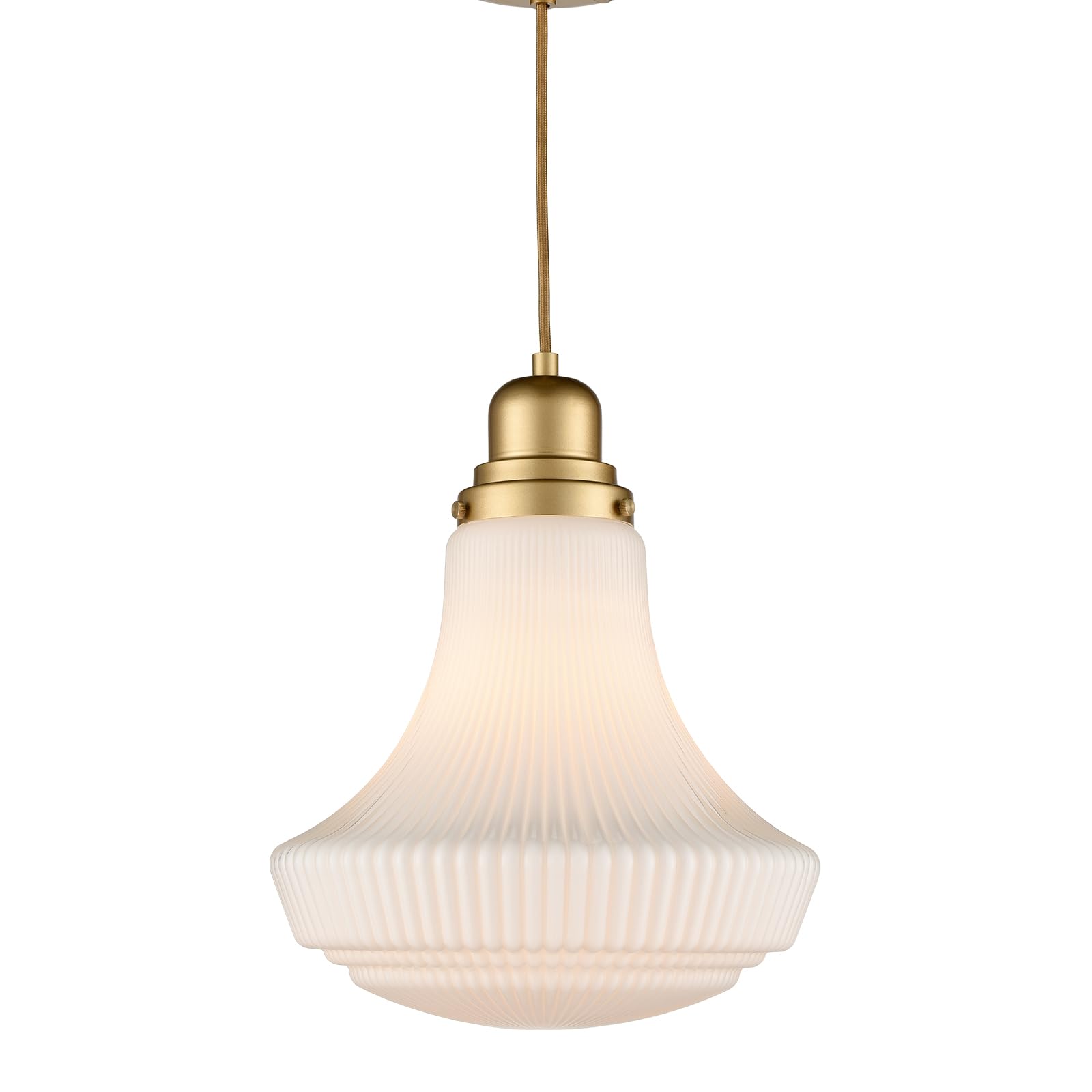 CLAXY Modern Gold Pendant Light Milk Glass Hanging Kitchen Pendant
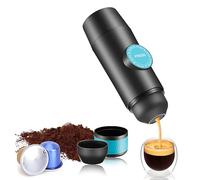 Hanzete - Cafetera espresso eléctrica portátil con calefacción inalámbrica de doble porción con 2 en 1 café en polvo/contenedor de cápsulas, bomba de presión de 15 bares, batería integrada de 2000 mAh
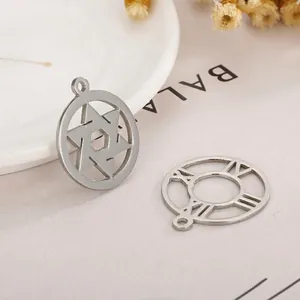 Stainless Steel Hollow Round Charms Pendants Star Of David Hexagram Roman Numeral Clock Face For DIY Jewelry Making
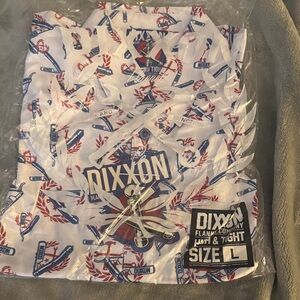 DIXXON White Shirt with Red and Blue Graphics
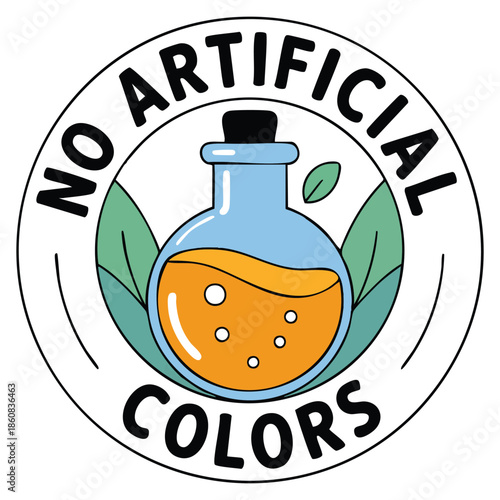 No artificial color badge or logo vector template suitable for natural product branding clean ingredient label design and healthy chemical free themed identity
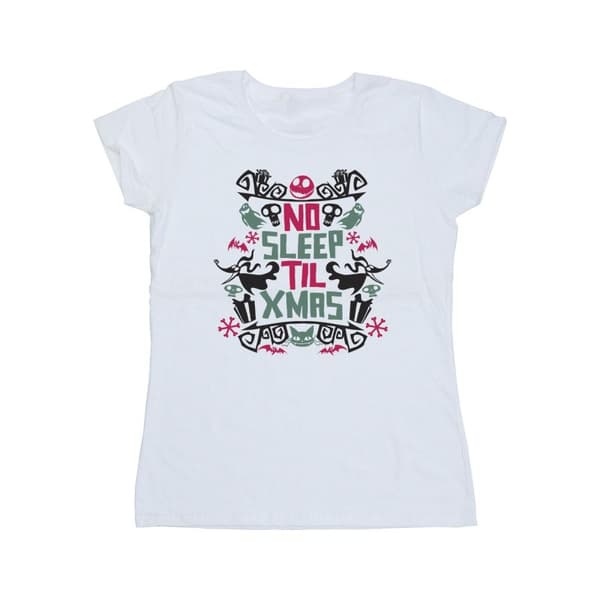Disney Womens/Ladies The Nightmare Before Christmas No Sleep Til Xmas Cotton T-Shirt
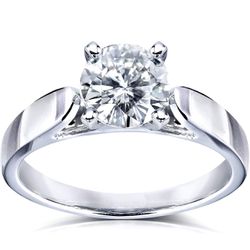 Kobelli Round Moissanite Solitaire Engagement Ring 1 CTW 14k White Gold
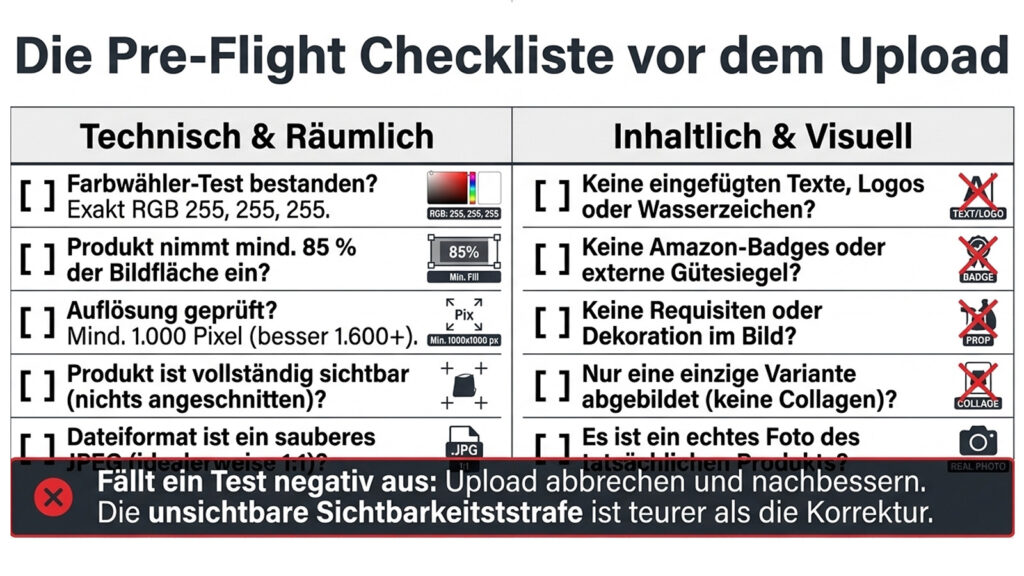 Amazon Hauptbild Checkliste Infografik Upload prüfen RGB 255 Bildfüllung keine Texte keine Requisiten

= = = = =

• [WHAT TO WORK ON]:
Restate the material word for word from its first line through the line containing "DIXXON White Shirt", both included; the pictures do not belong in it.

• [TASK ANSWER]:
 CLAXY Modern Gold Pendant Light Milk Glass Hanging Kitchen Pendant
 Hanzete - Cafetera espresso eléctrica portátil con calefacción inalámbrica de doble porción con 2 en 1 café en polvo/contenedor de cápsulas, bomba de presión de 15 bares, batería integrada de 2000 mAh
 Stainless Steel Hollow Round Charms Pendants Star Of David Hexagram Roman Numeral Clock Face For DIY Jewelry Making
 DIXXON White Shirt with Red and Blue Graphics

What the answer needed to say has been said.